» WORK TO COMPLETE
Word for word, restate each of the entries below, and drop every picture.

(Brief descriptive captions)
= Beginning of Section =

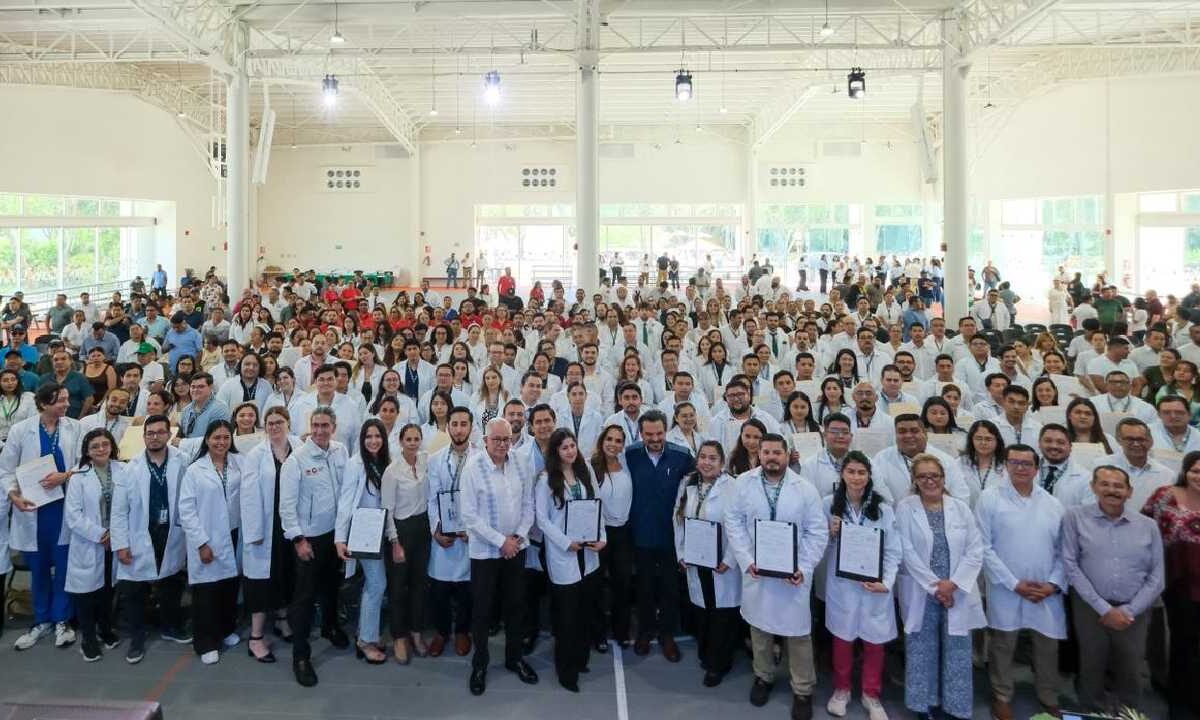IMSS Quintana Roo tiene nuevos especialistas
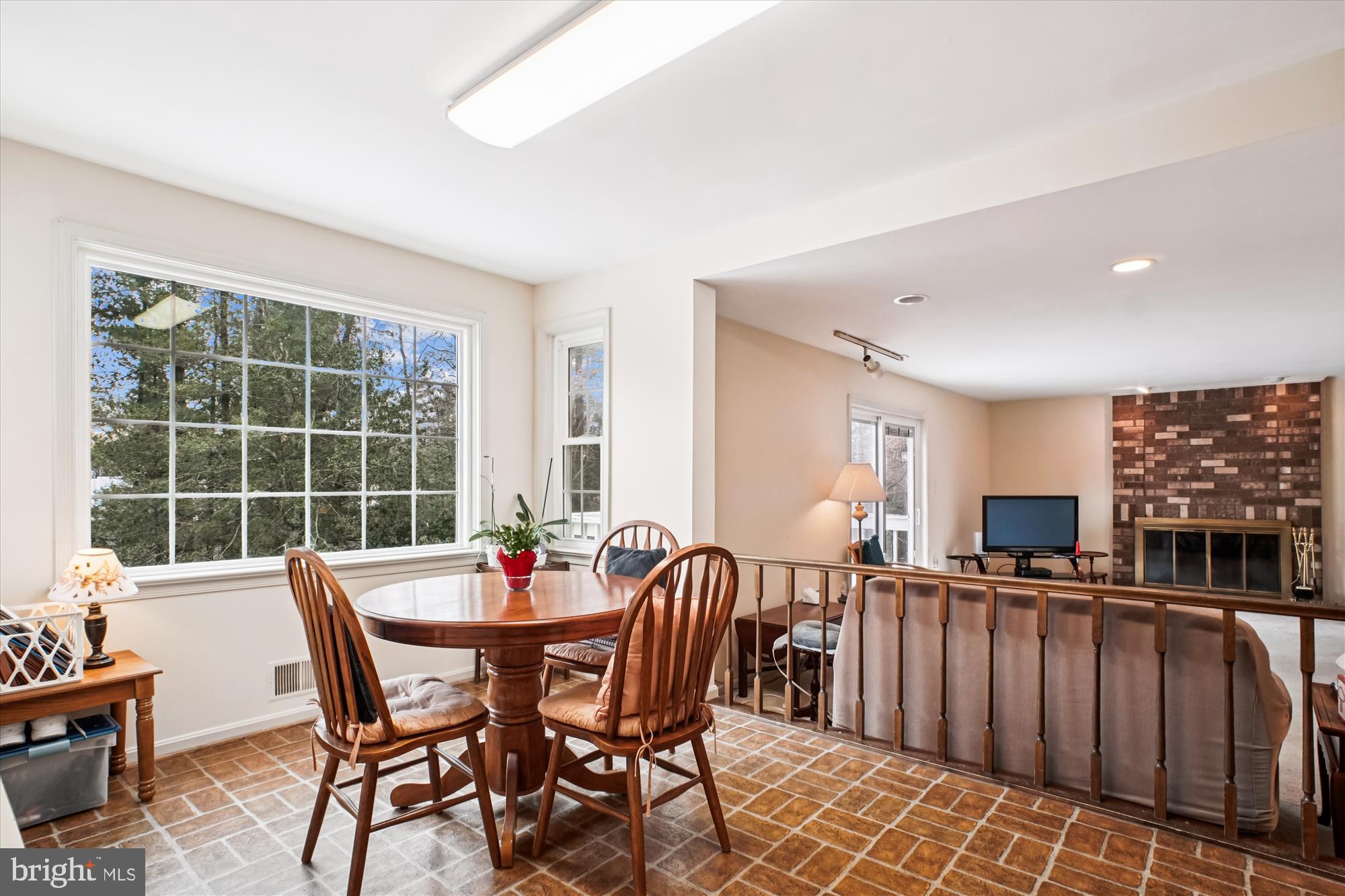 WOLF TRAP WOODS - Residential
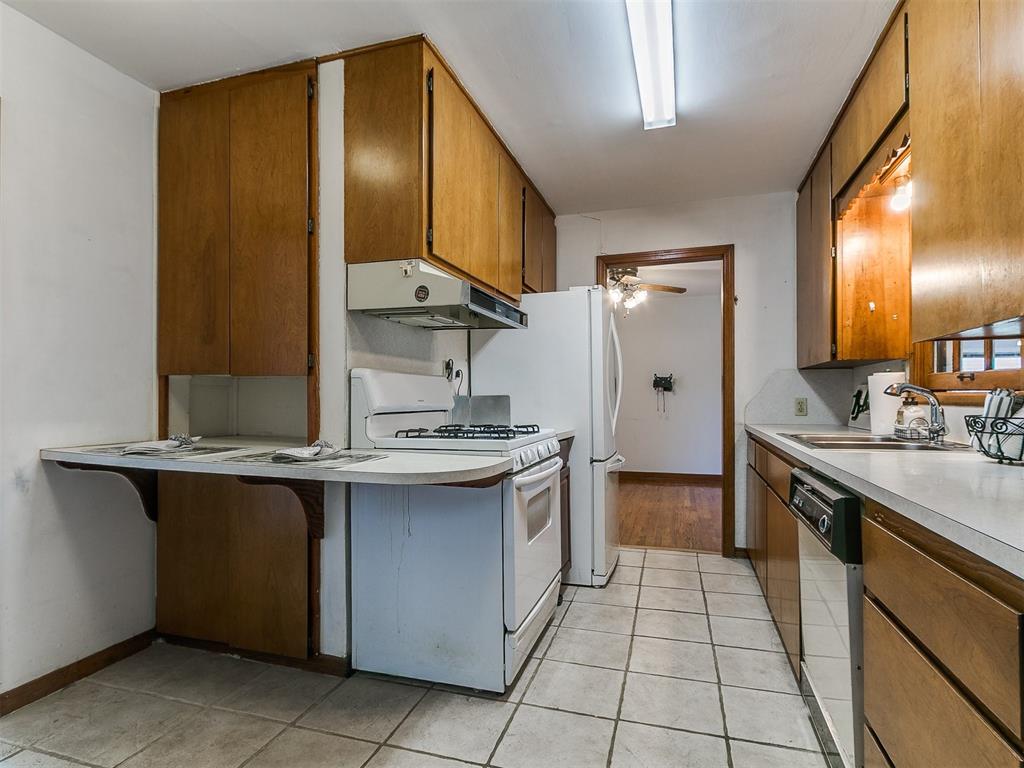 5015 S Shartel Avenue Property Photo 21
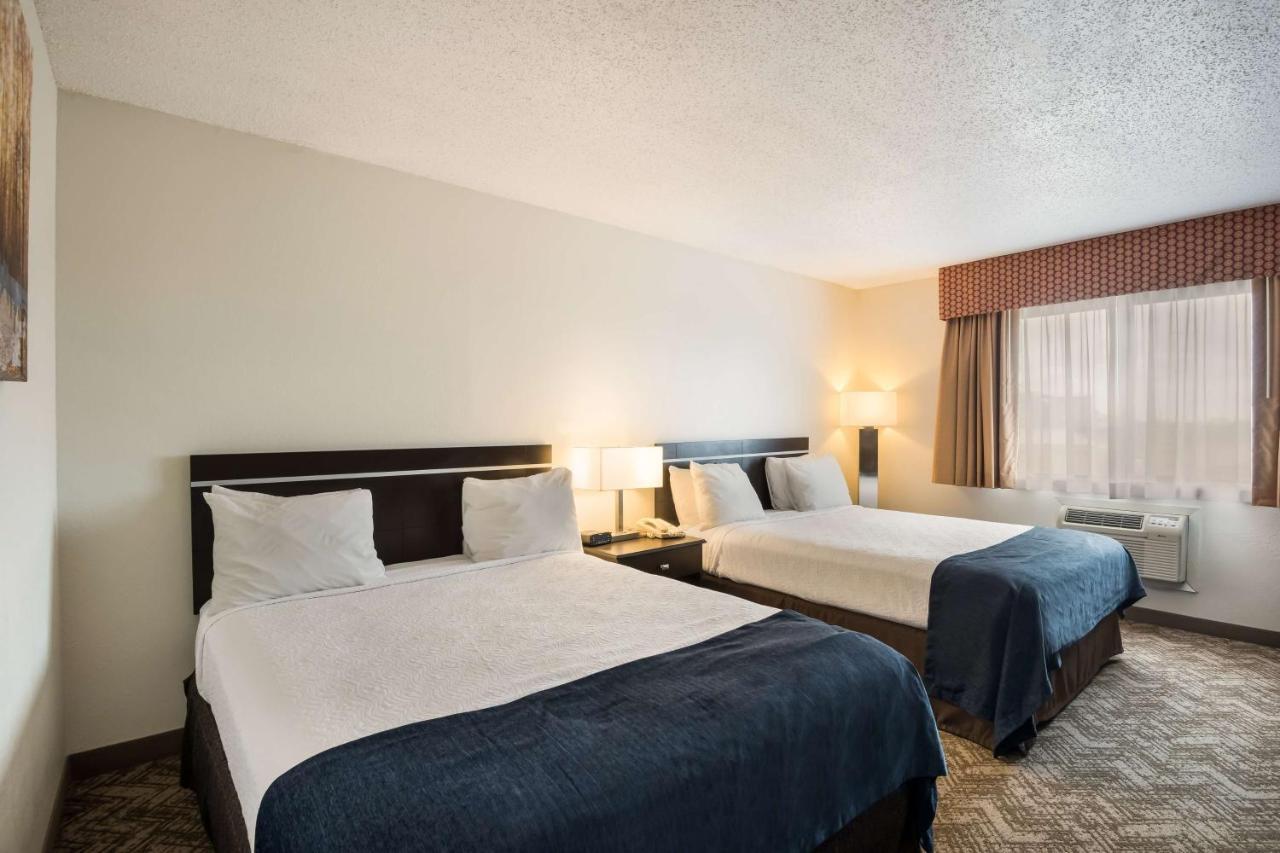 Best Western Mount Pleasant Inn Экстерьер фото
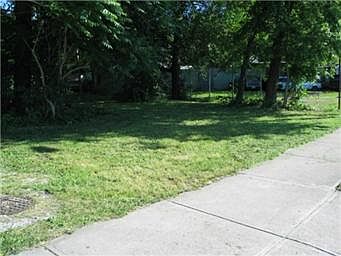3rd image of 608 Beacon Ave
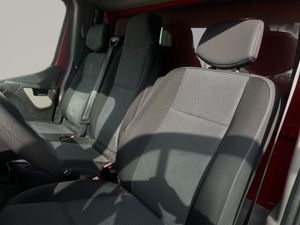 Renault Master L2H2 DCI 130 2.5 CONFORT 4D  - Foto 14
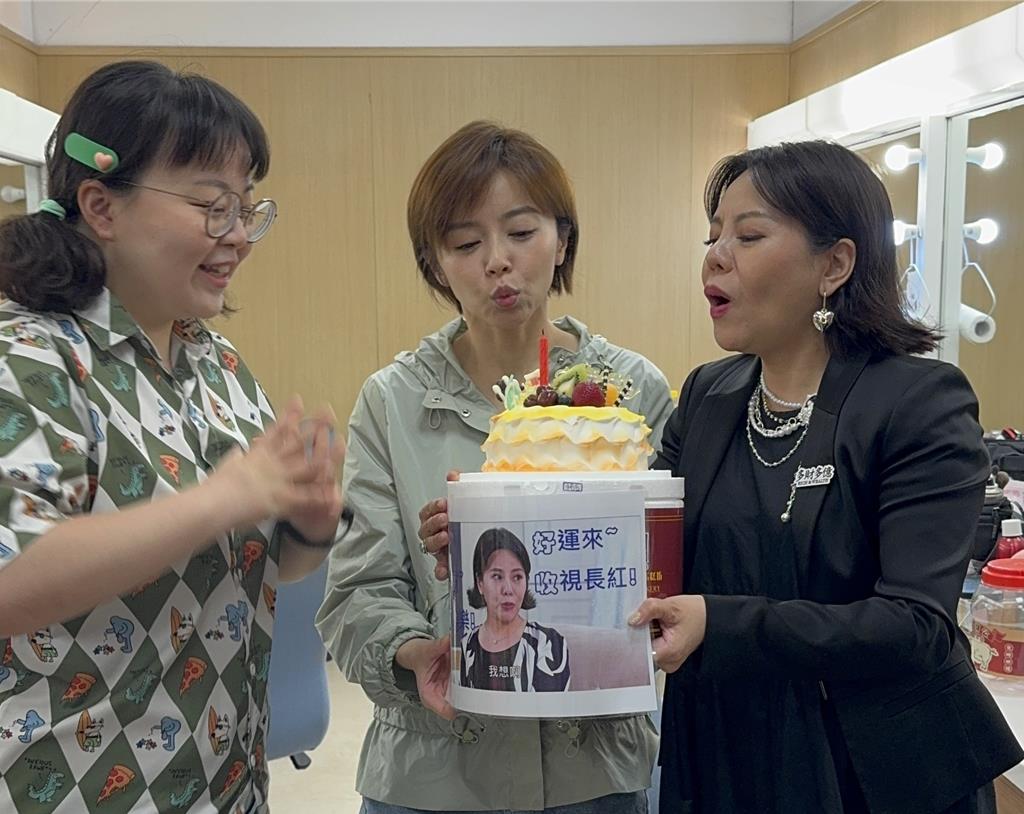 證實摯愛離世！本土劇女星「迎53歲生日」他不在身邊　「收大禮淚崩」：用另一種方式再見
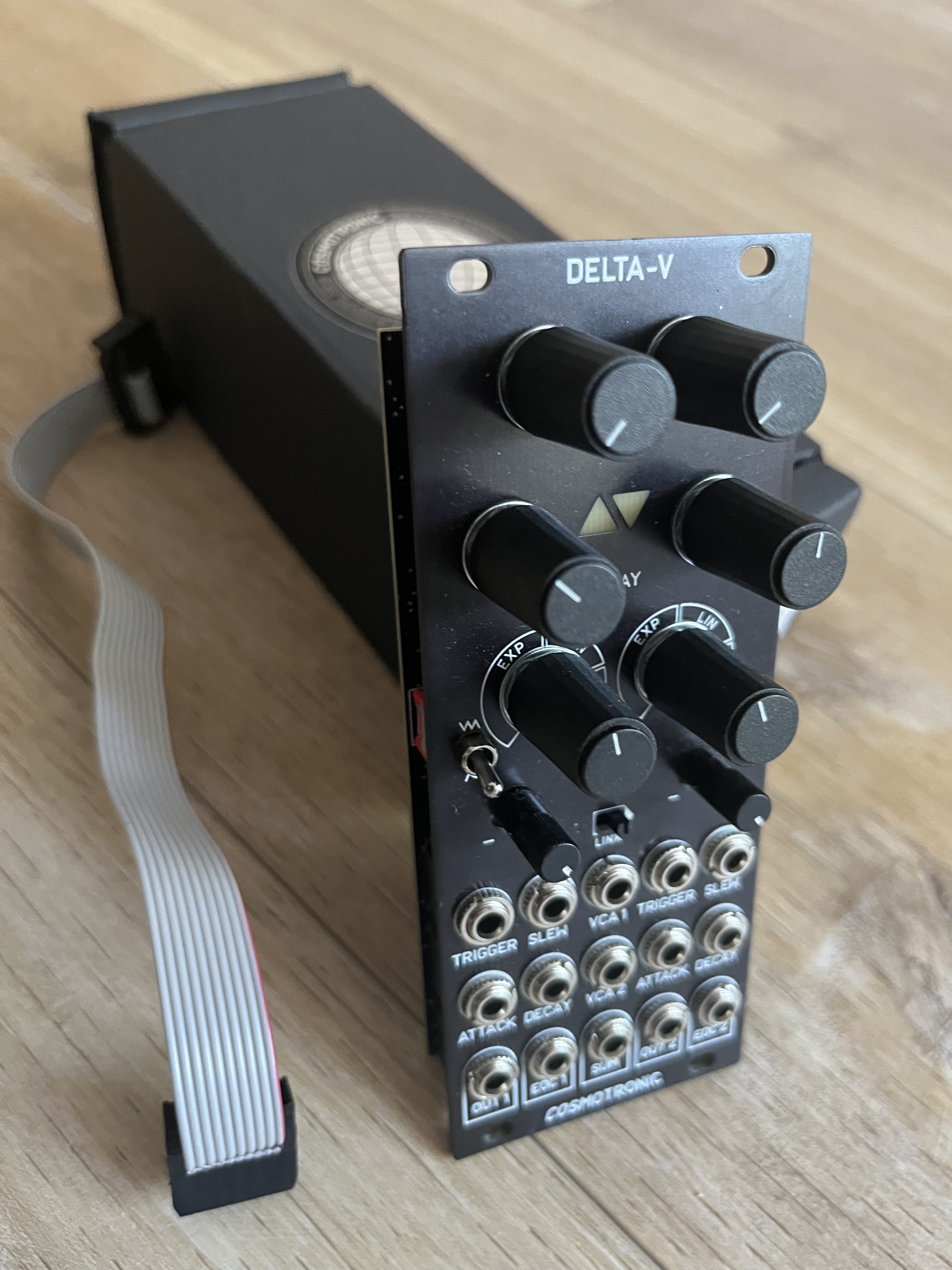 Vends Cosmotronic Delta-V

= End of Section =

» TASK OUTPUT
IMSS Quintana Roo tiene nuevos especialistas
 WOLF TRAP WOODS - Residential
 5015 S Shartel Avenue Property Photo 21
 Best Western Mount Pleasant Inn Экстерьер фото
3rd image of 608 Beacon Ave
 Renault Master L2H2 DCI 130 2.5 CONFORT 4D  - Foto 14
 證實摯愛離世！本土劇女星「迎53歲生日」他不在身邊　「收大禮淚崩」：用另一種方式再見
 Vends Cosmotronic Delta-V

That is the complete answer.